Depending on the design of any stimulus packages, the growth outlook for the next few years may be revised upward under a President Biden, especially if the Democrats also gain control of the US Senate. If Trump wins, he will probably be forced to negotiate with a Democratic-controlled House of Representatives. Although Biden has widened his lead over Trump in the latest public opinion surveys, we believe that the election outcome is still uncertain, both in terms of the winner and when the results will be declared final.
For a more detailed analysis of the election and its possible outcomes by SEB's US economist Elisabet Kopelman, click here.
Continued strong momentum in the Swedish housing market
According to Mäklarstatistik's latest report from Swedish estate agents, the prices of both tenant-owned housing units (mainly flats) and one-family homes rose by an average of 2% in September. This means that one-family home prices climbed by about 10% in one year, while tenant-owned units rose by 5%. Yet prices of second homes were up 11% year-on-year, while 12% more second homes were sold in January-September 2020 than in the year-earlier period. The October SEB Housing Price Indicator also rose: 65% of responding household expected home prices to increase while 7% believe they will fall.
Reflections: Remote work trend will lead to rising share prices
SEB's Chief Strategist Johan Javeus has taken a further look at the trend towards more people working from home: how it has the potential to create a global labour market that will squeeze wages in Western countries, while benefiting companies and investors. Read more here.
Our market view
The market is focusing more and more on the US elections. Ahead of elections there is often an increase in uncertainty about future policies, which usually leads to greater stock market fluctuations. This time around, many analysts are pointing out that both main US presidential candidates plan to pursue an expansionary economic policy. This should help sustain growth as well as share prices. However, the policy mix advocated by their respective political parties diverges in a number of fields.

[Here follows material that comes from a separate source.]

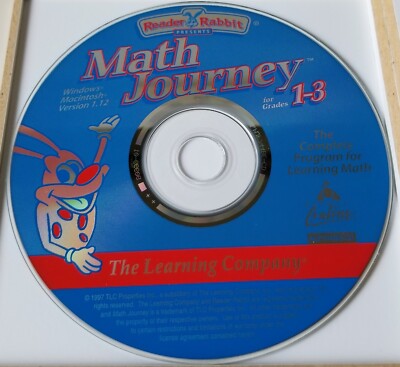 97 Reader Rabbit Interactive Math Journey 1-3 Rare V 1.12 PC CD ROM ...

Whereas Trump and the Republicans are favoured by the market in terms of taxation policy, a Biden/Democratic victory is likely to pave the way for larger fiscal stimulus packages.

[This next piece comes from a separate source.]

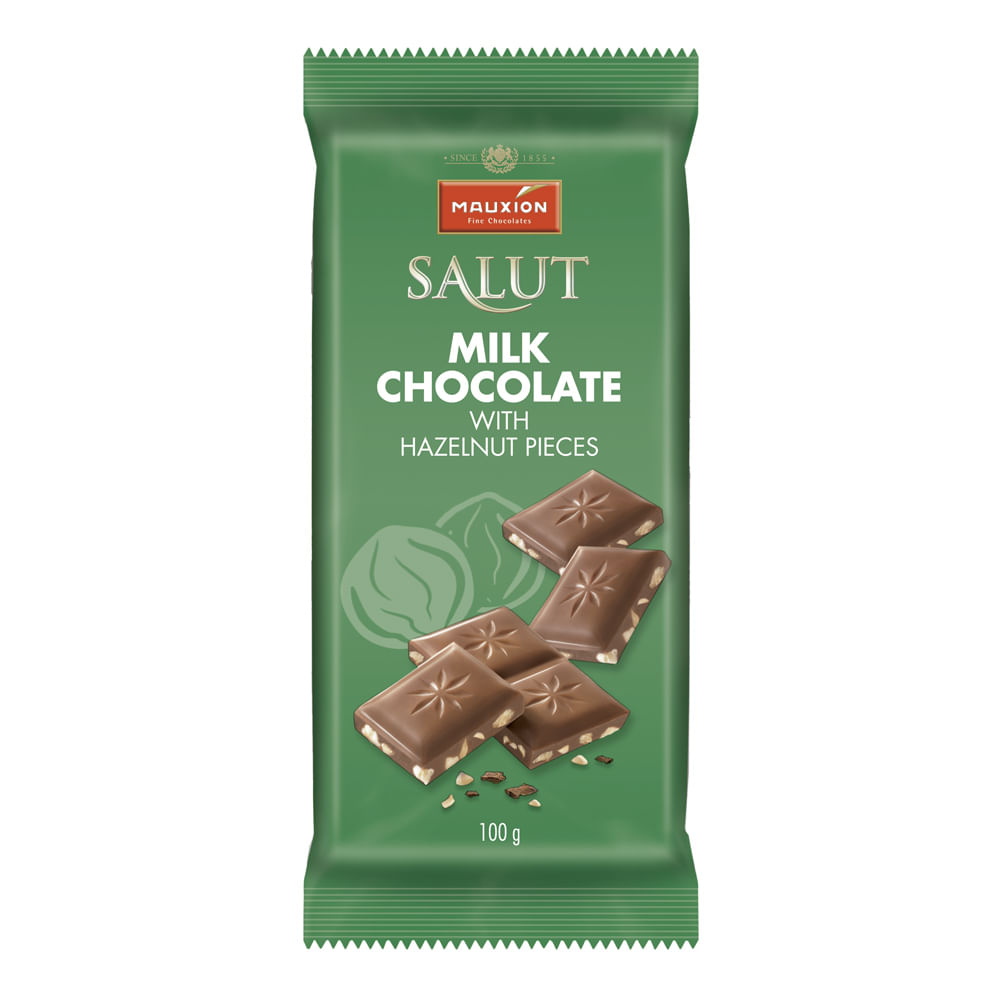 Chocolate de Leche con Avellanas Mauxion Salut 100g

But most observers, including us, have made the overall assessment that a Biden victory would be a bit more positive for markets – an outcome that has begun to appear more likely in recent days. This is probably one of the reasons why the stock market situation has stabilised and improved a bit, despite the uncertainty created by the effects of new coronavirus outbreaks, a levelling out of economic growth statistics and the ongoing Brexit negotiations on a trade agreement between the United Kingdom and the European Union, among other events. Although the US presidential race may trigger short-term volatility, we expect growth, stimulus packages and continued low interest rates and bond yields to be more important in determining stock market performance in the next few quarters, and these factors remain relatively encouraging.

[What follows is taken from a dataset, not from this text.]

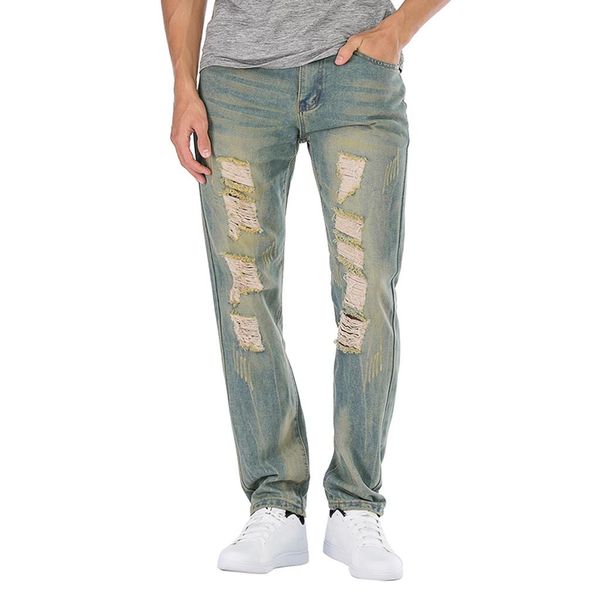 fashion men's casual personality printing slim fit denim jeans pants, Blue
fashion men's casual personality printing slim fit denim jeans pants, Blue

Equity valuations are high from a historical perspective, making the market more sensitive to negative news. But there are good arguments for accepting higher valuations, especially low interest rates and yields along with major stimulus packages, which suggest continued good growth. In the short term, this will require that corporate reports for the third quarter of 2020 at least turn out to be in line with expectations. If corporate executives signal a gradual improvement in demand, that would be a clear sign of strength. Worrisome signals about the spread of COVID-19 and the risk of new lockdowns are probably the biggest threat at present.
We are sticking to our recommendation of an overweight in equities and other risk assets, such as corporate bonds in the high yield segment.